J.B. me conquistou rapidamente por conta da intensidade do seu olhar: tímido, carinhoso e, ao mesmo tempo, frágil. E assim, fomos construindo uma amizade, que driblou os resmungos e as dores causadas pela hepatopatia que o acometia. Um sábado antes da festa do Dia das Crianças, perguntei qual presente ele desejaria ganhar. A resposta (rápida e vibrante) foi um “carro”. Separei uma caçamba grande e bonita para J.B. No dia da festa, colocamos nele uma máscara do Homem-Aranha e ele me pediu um boneco do super-herói. Quando eu consegui o novo brinquedo para ele, J.B. correu para o quarto e escondeu o presente, como se quisesse ter certeza de que ninguém iria tirar o seu Homem-Aranha. Perguntei a ele se havia brinquedos em sua casa e a resposta foi “não”.
Depois desse momento, fiquei com o coração apertado. Pensar que uma criança somente ganhou o seu primeiro brinquedo ao ser internado é algo que dói bastante, mas, por outro lado, trouxe alegria para aquela tarde, já que vi que a nossa festa do Dia das Crianças contribuiu para devolver uma infância que tinha escapado da vida daquele garoto. Durante todo o momento da festa, sempre fazia o possível para ficar perto dele e atender os seus pedidos. Mesmo quando havia algum palhaço doutor por perto, ele olhava, algumas vezes, primeiro pra mim, com uma expressão de chamamento que transmitia confiança e que produzia, dentro de mim, um desejo imenso de poder ajudá-lo mais.

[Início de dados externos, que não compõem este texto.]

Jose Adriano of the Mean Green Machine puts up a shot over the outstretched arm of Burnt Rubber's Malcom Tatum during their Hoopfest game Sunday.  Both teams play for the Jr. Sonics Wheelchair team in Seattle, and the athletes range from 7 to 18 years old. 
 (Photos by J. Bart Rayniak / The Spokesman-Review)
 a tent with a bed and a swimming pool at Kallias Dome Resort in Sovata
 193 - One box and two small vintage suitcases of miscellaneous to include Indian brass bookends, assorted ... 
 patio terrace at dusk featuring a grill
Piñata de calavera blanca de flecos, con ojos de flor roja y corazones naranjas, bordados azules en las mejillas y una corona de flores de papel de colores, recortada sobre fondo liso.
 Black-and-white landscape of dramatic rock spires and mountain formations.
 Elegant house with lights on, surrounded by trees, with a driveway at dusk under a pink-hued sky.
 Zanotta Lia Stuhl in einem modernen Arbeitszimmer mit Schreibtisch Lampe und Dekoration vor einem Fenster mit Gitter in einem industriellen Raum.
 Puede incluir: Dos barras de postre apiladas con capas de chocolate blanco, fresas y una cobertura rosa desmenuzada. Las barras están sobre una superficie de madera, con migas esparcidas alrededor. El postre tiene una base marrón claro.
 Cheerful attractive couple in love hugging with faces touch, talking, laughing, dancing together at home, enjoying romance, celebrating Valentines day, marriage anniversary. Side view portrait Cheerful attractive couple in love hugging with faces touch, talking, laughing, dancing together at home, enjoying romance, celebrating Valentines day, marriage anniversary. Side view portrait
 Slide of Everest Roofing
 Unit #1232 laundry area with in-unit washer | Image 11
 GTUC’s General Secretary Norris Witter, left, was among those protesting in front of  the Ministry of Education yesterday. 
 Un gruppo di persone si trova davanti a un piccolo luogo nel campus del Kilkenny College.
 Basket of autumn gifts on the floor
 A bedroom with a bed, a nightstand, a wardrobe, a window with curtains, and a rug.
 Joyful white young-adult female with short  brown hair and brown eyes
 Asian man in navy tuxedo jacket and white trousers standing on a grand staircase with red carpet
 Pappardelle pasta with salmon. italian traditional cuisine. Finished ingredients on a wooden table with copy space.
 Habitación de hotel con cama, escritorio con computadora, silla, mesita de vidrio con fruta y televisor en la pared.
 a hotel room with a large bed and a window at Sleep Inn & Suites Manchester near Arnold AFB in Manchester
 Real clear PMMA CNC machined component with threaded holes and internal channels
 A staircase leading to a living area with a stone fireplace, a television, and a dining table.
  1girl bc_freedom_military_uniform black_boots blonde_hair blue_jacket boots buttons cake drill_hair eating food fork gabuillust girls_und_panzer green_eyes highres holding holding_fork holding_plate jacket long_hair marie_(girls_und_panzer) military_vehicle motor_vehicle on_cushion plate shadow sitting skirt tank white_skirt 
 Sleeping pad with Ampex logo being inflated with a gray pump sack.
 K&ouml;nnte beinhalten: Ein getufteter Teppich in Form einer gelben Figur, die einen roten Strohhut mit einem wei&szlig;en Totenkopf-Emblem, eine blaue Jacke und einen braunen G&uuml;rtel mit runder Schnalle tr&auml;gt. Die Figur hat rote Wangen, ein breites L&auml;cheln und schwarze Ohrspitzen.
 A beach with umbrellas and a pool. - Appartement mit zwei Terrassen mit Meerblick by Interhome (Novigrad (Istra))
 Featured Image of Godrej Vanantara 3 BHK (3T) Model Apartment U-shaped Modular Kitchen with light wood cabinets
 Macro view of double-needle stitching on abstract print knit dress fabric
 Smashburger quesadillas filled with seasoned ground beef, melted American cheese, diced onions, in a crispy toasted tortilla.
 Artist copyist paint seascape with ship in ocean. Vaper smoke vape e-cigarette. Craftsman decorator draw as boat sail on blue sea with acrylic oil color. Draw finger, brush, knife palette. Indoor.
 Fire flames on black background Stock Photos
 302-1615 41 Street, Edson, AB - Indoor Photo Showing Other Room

No plantão seguinte, J.B. me pediu uma moto de brinquedo. Eu disse que não tinha uma moto ali e que ele deveria esperar duas semanas, pois eu iria viajar. Pensei em comprar a moto e enviá-la através de um outro palhaço doutor do HGE, porém, desisti da ideia, visto que queria eu mesmo entregar o novo presente a ele e ver o seu olhar ao recebe-lo. Infelizmente, por circunstâncias que vão além da minha compreensão, nós nos desencontramos. J.B. se transformou em uma estrela antes do nosso próximo encontro e nos separamos antes das novas brincadeiras que poderiam surgir com a moto.
Um vazio estranho se espalhou no Dr. Letrinha Azogado, pois ele não teve a oportunidade de se despedir da forma que desejava e nem de ver o sorriso de J.B. ao ter o pedido da moto atendido. Mais estranho ainda é imaginar subir no Trem, voltar ao HGE e não esbarrar com J.B. que estava sempre nos esperando fora da enfermaria 3. Uma outra parte do meu palhaço doutor fica contente pelas horas que brincamos de pega-varetas e de Cai Não Cai. Uma outra parte do meu palhaço fica grato por ter visto tanta vontade de viver. E uma outra parte do meu outro palhaço, a que está ferida por conta dessa abrupta partida, apoia-se nas partes que J.B. foi luz. As dores e o mal estar do nosso garoto, nos momentos de plantão, incomodavam-no, porém, ele queria estar o tempo todo conosco, nem que fosse sentado no banco, lado a lado, na presença de um silêncio que se enchia de amor, cuidado e esperança.
O desejo de entregar aquela moto irá morar no Dr. Letrinha Azogado para sempre. E ele espera que, onde estiver, J.B. se lembre que esse brinquedo será uma lembrança física e espiritual daquelas lindas tardes de sábado. A luz cativante do seu olhar, a simplicidade dos seus gestos e a força da sua luta, sem dúvidas, resplandecerão nas nossas crianças que continuam persistentes na luta. Como uma estrela agora no céu, o calor dessa sua outra forma de vida viverá naqueles que tocaram o afago da sua companhia. Fique em paz, meu pequeno e doce amigo, e muito obrigado por fazer parte da minha jornada.